La Regione Siciliana ha pubblicato un avviso pubblico che mette a disposizione 150 milioni di euro per incentivare le assunzioni stabili nel settore privato. La misura riconosce un contributo a fondo perduto calcolato sul costo del lavoro sostenuto nel triennio successivo all'assunzione. Le domande per il 2026 si possono presentare a partire dal 7 maggio.
Chi può accedere
Possono fare domanda tutti i datori di lavoro privati con sede produttiva in Sicilia, indipendentemente dalla forma giuridica e anche se privi di scopo di lucro. Rientrano quindi imprese, professionisti, associazioni e altri enti che esercitino attività economica.
Sono invece espressamente esclusi:
- operatori agricoli puri (ATECO A, salvo l'agroindustria);
- enti pubblici economici;
- istituti autonomi case popolari;
- enti privatizzati a capitale pubblico
- aziende speciali e consorzi di enti locali
- consorzi di bonifica e industriali
- enti morali ed ecclesiastici.
Cosa prevede la misura
Il contributo viene riconosciuto per ogni nuova assunzione a tempo indeterminato effettuata dal 9 gennaio 2026 in poi, presso una sede lavorativa ubicata in Sicilia. È inclusa anche la trasformazione di un contratto a termine in contratto a tempo indeterminato. Sono esclusi i rapporti di apprendistato e i contratti di lavoro domestico.
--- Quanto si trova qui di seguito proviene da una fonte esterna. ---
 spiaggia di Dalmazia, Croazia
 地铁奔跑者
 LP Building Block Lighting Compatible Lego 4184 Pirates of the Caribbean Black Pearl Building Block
Non si tratta di uno sgravio contributivo, ma di un contributo a fondo perduto erogato annualmente a consuntivo, sulla base dei costi effettivamente sostenuti e documentati nel Libro Unico del Lavoro.
Requisiti di ammissibilità
Alla data di presentazione della domanda, il richiedente deve:
- avere Partita IVA attiva e almeno un'unità produttiva in Sicilia;
- non trovarsi in liquidazione volontaria né essere soggetto a procedure concorsuali;
- essere in possesso di DURC regolare;
- rispettare gli obblighi della Legge 68/1999 (categorie protette);
- applicare i trattamenti minimi previsti dai CCNL comparativamente più rappresentativi;
- essere in regola con la normativa antimafia;
- non aver ricevuto, nei tre anni precedenti, sanzioni definitive per violazioni in materia di sicurezza sul lavoro o CCNL;
- non aver già percepito, come impresa unica, aiuti de minimis superiori a 300.000 euro nell'arco di tre anni;
- non aver richiesto né ottenuto altri finanziamenti pubblici per le stesse assunzioni (divieto di doppio finanziamento).
Entità del contributo
Il contributo ordinario è pari al 10% del costo totale del lavoro sostenuto nei 36 mesi decorrenti dalla data di assunzione. Il costo del lavoro rilevante comprende:
- RAL (inclusi ratei di tredicesima/quattordicesima,
- superminimi contrattualizzati e premi di produzione costanti),
- contributi previdenziali e assistenziali a carico del datore di lavoro,
- premi INAIL, e quota TFR maturata mensilmente.
Il contributo sale al 15% se ricorre almeno una di queste condizioni:
- il richiedente ha introdotto, dalla pubblicazione della L.R. 1/2026 e prima della domanda, un piano di welfare aziendale regolato da accordo sindacale o regolamento aziendale;
- oppure ha ottenuto una certificazione ESG di sostenibilità da organismi accreditati;
- oppure ha realizzato nell'esercizio precedente investimenti in salute e sicurezza, al di sopra degli obblighi minimi del D.Lgs. 81/2008, per un importo pari ad almeno l'1% dei ricavi;
- oppure ha sottoscritto accordi per la riduzione stabile dell'orario a 35 ore settimanali con invarianza retributiva;
- oppure l'assunzione riguarda donne o lavoratori over 50 in stato di disoccupazione documentato da almeno due anni.
Come presentare la domanda
La domanda si presenta esclusivamente online sulla piattaforma IRFIS, all'indirizzo https://incentivisicilia.irfis.it, con firma digitale del datore di lavoro o del legale rappresentante. Non è ammessa la presentazione tramite procuratori o delegati.
Va presentata una sola istanza per tutte le assunzioni effettuate nell'anno, e deve essere inoltrata nell'anno dell'assunzione. È dovuta l'imposta di bollo di 16 euro.
Le finestre temporali sono le seguenti:
- per il 2026, dal 7 maggio 2026 ore 12:00 al 31 dicembre 2026 ore 12:00;
- per il 2027, dal 4 gennaio 2027 al 31 dicembre 2027;
- per il 2028, dal 3 gennaio 2028 al 29 dicembre 2028.
Il beneficiario può scegliere tra due modalità di erogazione: bonifico bancario o credito d'imposta utilizzabile in compensazione (quest'ultima opzione subordinata alla stipula di apposita convenzione tra Regione ed Agenzia delle Entrate).